Ingels orders the pan-fried brill from the waitress, who jokingly warns him that it’s BIG; not surprisingly, this seems to appeal. Part of the 42-year-old hotshot Danish architect’s allure is his disarming charm. He’s just given a masterclass lecture for the RIBA’s Royal Gold Medal week, ending with a video of a prototype steam ‘smoke ring’ – designed for his waste to energy plant ski ramp in Copenhagen – rising behind him like a halo in an azure sky. Looking around with his dentist mother’s smile, Ingels likes my café choice – though I don’t mention that it used to be the offices of Foster & Partners; I feel it best he isn’t aware of the irony. Looking at home on the banquette and having supplanted Foster on the World Trade Center 2 building – now on ice due to the Murdoch pre-let falling through – the young boss of a 300-strong firm in both Copenhagen and his adopted New York probably doesn’t need his ego feeding as well as his appetite. Or, I wonder, when you’re as successful as he is, does the ego just sublimate into something more benign, redemptive even – a bit like that ring of steam?

When you’re as successful as Bjarke Ingels, does the ego just sublimate into something more benign, redemptive even?

Ingels’ connection with OMA and Rem Koolhaas as the figurehead of deconstructivism itself seems a Shakespearean – even Freudian – intrigue; a jostling office of egos, one assumes, all in thrall with the master, and all aiming, at some point, to supplant him. It could even explain the spin-off names; Joshua Prince Ramus’ REX, Ingels’ and partner Julian de Smedt’s first office PLOT and now Bjarke Ingels Group truncated to BIG. I ask if it was all as Oedipal as it sounds. Ingels cites Koolhaas as a key influence but seems keen to distance himself from OMA’s office culture, even though he was one of only 35 people. ‘It was a slightly stressful environment with a lot of mid-management power struggles in and it made me think that a major part of leadership is how you set the tone,’ he tells me. ‘Children learn from their parents how to behave but I was taken with the idea that it was possible to have an affirmative environment without the negativity or stress.’
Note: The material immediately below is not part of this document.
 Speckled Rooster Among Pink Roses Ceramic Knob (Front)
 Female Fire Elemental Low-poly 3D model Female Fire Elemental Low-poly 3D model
Ingels uses the word ‘truth’ a lot in our talk; truth as in ‘blatancy’ of ideas or in what he’s saying right then, the ‘truth’ of your intrinsic nature. He was at his younger brother’s birth and recalls seeing him grow to become ‘the same personality now as when he was born; the same core, just with more layers added’. At OMA for only 18 months, it seems his truth didn’t tally with those of the office and he felt there was another way to practise. ‘Of course there’s ambition at BIG but you deal with it in different ways,’ he caveats. ‘I just wanted to work in a manner more conducive to my own happiness.’

Given his firm’s success, why doesn’t he come over as arrogant, as most people would expect him; and how does he nurture an office culture that discourages egomania? It turns out it’s a meritocracy centring on communal authorship of ideas. He explains: ‘Shared credit is important. We deliberately never talk about who came up with an idea because if someone has dibs on it, it demotivates the rest of the team who work on it for years to make it happen.’ Ingels admits he’s the ‘chief curator of the ideas and project direction, but via an iterative process, we educate each other until the design concept becomes more manifest’. This method, he claims, ‘empowers the contributor and motivates everyone to contribute more’.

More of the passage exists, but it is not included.